Something like this:

typedef struct vec
{
    unsigned char* _mem;
    unsigned long _elems;
    unsigned long _elemsize;
    unsigned long _capelems;
    unsigned long _reserve;
};

vec* vec_new(unsigned long elemsize)
{
    vec* pvec = (vec*)malloc(sizeof(vec));
    pvec->_reserve = 10;
    pvec->_capelems = pvec->_reserve;
    pvec->_elemsize = elemsize;
    pvec->_elems = 0;
    pvec->_mem = (unsigned char*)malloc(pvec->_capelems * pvec->_elemsize);
    return pvec;
}

void vec_delete(vec* pvec)
{
    free(pvec->_mem);
    free(pvec);
}

void vec_grow(vec* pvec)
{
    unsigned char* mem = (unsigned char*)malloc((pvec->_capelems + pvec->_reserve) * pvec->_elemsize);
    memcpy(mem, pvec->_mem, pvec->_elems * pvec->_elemsize);
    free(pvec->_mem);
    pvec->_mem = mem;
    pvec->_capelems += pvec->_reserve;
}

void vec_push_back(vec* pvec, void* data, unsigned long elemsize)
{
    assert(elemsize == pvec->_elemsize);
    if (pvec->_elems == pvec->_capelems) {
        vec_grow(pvec);
    }
    memcpy(pvec->_mem + (pvec->_elems * pvec->_elemsize), (unsigned char*)data, pvec->_elemsize);
    pvec->_elems++;    
}

unsigned long vec_length(vec* pvec)
{
    return pvec->_elems;
}

void* vec_get(vec* pvec, unsigned long index)
{
    assert(index < pvec->_elems);
    return (void*)(pvec->_mem + (index * pvec->_elemsize));
}

void vec_copy_item(vec* pvec, void* dest, unsigned long index)
{
    memcpy(dest, vec_get(pvec, index), pvec->_elemsize);
}

void playwithvec()
{
    vec* pvec = vec_new(sizeof(int));

    for (int val = 0; val < 1000; val += 10) {
        vec_push_back(pvec, &val, sizeof(val));
    }

    for (unsigned long index = (int)vec_length(pvec) - 1; (int)index >= 0; index--) {
        int val;
        vec_copy_item(pvec, &val, index);
        printf("vec(%d) = %d\n", index, val);
    }

    vec_delete(pvec);
}

Further to this they would achieve encapsulation by using void* in the place of vec* for the function group, and actually hide the structure definition from the user by defining it within the C module containing the group of functions rather than the header.

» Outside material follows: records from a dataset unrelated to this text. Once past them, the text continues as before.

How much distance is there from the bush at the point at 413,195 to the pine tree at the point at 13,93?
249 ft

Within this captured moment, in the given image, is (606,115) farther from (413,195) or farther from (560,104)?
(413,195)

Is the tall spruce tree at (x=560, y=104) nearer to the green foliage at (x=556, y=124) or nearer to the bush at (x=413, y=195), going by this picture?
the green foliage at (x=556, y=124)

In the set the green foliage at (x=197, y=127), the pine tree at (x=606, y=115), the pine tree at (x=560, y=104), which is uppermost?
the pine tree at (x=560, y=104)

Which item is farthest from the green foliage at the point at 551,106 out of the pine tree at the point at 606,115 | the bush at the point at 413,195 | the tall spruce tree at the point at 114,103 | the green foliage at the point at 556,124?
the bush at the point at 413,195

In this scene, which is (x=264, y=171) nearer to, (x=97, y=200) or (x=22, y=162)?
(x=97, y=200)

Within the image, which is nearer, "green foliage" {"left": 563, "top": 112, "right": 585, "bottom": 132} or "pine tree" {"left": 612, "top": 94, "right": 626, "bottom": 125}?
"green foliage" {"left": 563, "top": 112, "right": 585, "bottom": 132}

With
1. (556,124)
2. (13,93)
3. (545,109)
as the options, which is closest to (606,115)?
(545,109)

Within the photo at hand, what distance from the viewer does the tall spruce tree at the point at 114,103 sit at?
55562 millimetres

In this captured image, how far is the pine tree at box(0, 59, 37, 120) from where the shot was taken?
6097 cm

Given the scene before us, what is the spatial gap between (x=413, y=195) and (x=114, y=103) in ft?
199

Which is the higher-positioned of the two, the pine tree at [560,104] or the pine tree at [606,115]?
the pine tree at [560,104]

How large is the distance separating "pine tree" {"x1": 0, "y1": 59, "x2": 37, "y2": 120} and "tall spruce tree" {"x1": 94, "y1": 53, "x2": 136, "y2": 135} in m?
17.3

Also they would hide the functions that you would consider to be private, by leaving them out from the header and simply prototyping them only in the C module.


You can see implementation vc_vector:

struct vc_vector {
  size_t count;
  size_t element_size;
  size_t reserved_size;
  char* data;
  vc_vector_deleter* deleter;
};

...

vc_vector* vc_vector_create_copy(const vc_vector* vector) {
  vc_vector* new_vector = vc_vector_create(vector->reserved_size / vector->count,
                                           vector->element_size,
                                           vector->deleter);
  if (unlikely(!new_vector)) {
    return new_vector;
  }

  if (memcpy(vector->data,
             new_vector->data,
             new_vector->element_size * vector->count) == NULL) {
    vc_vector_release(new_vector);
    new_vector = NULL;
    return new_vector;
  }

  new_vector->count = vector->count;
  return new_vector;
}

To use it:

vc_vector* v1 = vc_vector_create(0, sizeof(int), NULL);
for (int i = 0; i < 10; ++i) {
  vc_vector_push_back(v1, &i);
}

// v1 = 0 1 2 3 4 5 6 7 8 9

vc_vector* v2 = vc_vector_create_copy(v1);

// v2 = 0 1 2 3 4 5 6 7 8 9 (copy of v1)

// to get pointer to int:

const int* v2_data = vc_vector_data(v1);

https://github.com/jakubgorny47/baku-code/tree/master/c_vector

Here's my implementation. It's basicaly a struct containing pointer to the data, size (in elements), overall allocated space and a size of the type that's being stored in vector to allow use of void pointer.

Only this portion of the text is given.